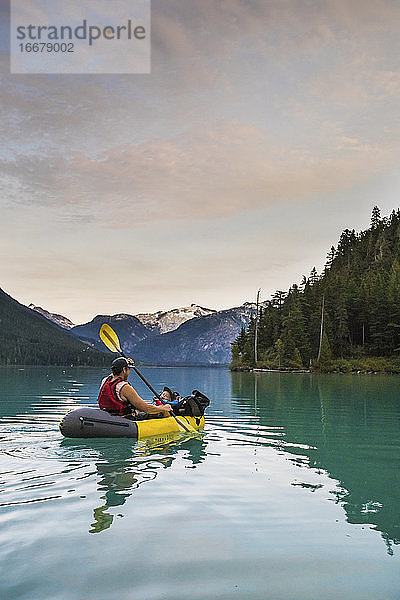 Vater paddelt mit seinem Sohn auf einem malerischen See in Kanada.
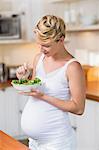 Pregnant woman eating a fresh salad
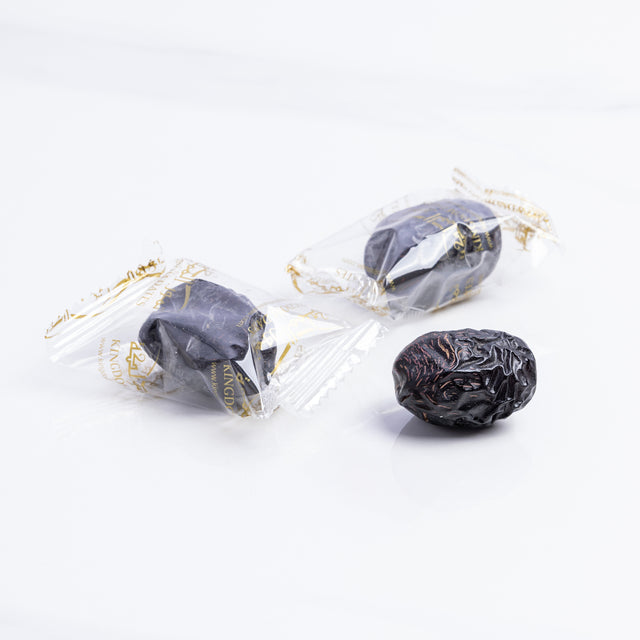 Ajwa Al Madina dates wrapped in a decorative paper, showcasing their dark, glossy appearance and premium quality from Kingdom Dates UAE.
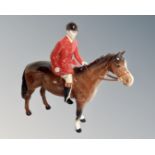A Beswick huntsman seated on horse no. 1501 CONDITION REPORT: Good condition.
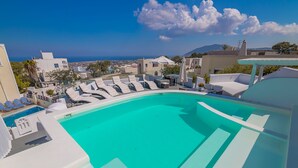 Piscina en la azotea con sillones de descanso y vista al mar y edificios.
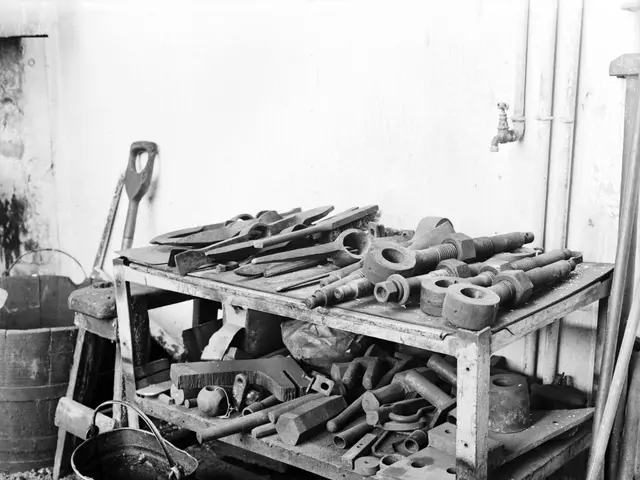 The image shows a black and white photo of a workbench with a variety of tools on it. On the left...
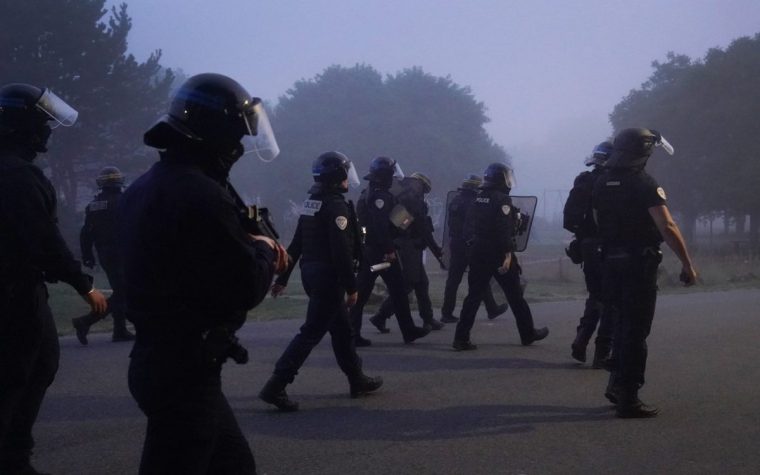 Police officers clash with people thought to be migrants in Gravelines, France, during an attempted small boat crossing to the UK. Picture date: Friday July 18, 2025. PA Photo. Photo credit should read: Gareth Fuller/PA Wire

...

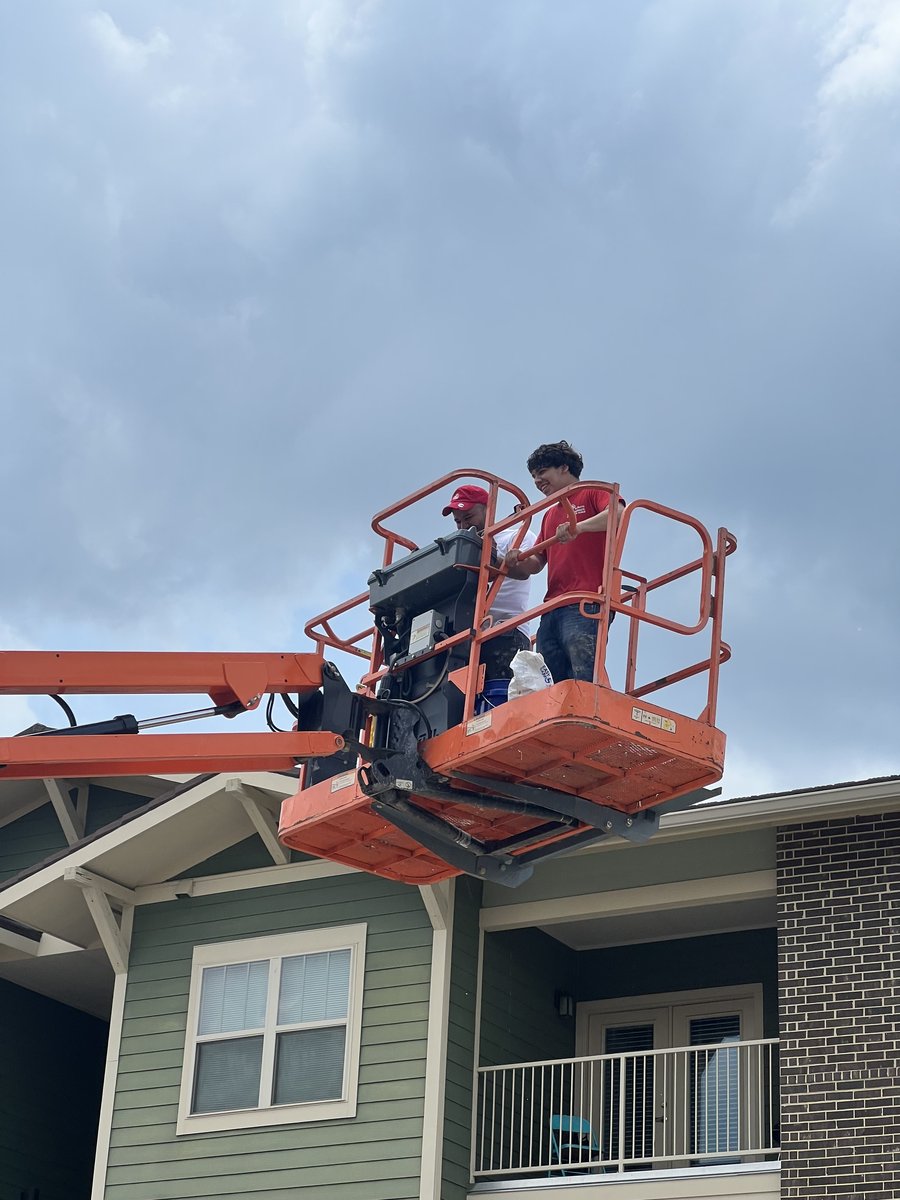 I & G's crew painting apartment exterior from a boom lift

— TRY IT —
No picture is to be printed. Output exactly the lines above from the line containing "Piscina en la" through the line containing "Police officers clash".

— TASK RESPONSE —
 Piscina en la azotea con sillones de descanso y vista al mar y edificios.
 The image shows a black and white photo of a workbench with a variety of tools on it. On the left...
 Police officers clash with people thought to be migrants in Gravelines, France, during an attempted small boat crossing to the UK. Picture date: Friday July 18, 2025. PA Photo. Photo credit should read: Gareth Fuller/PA Wire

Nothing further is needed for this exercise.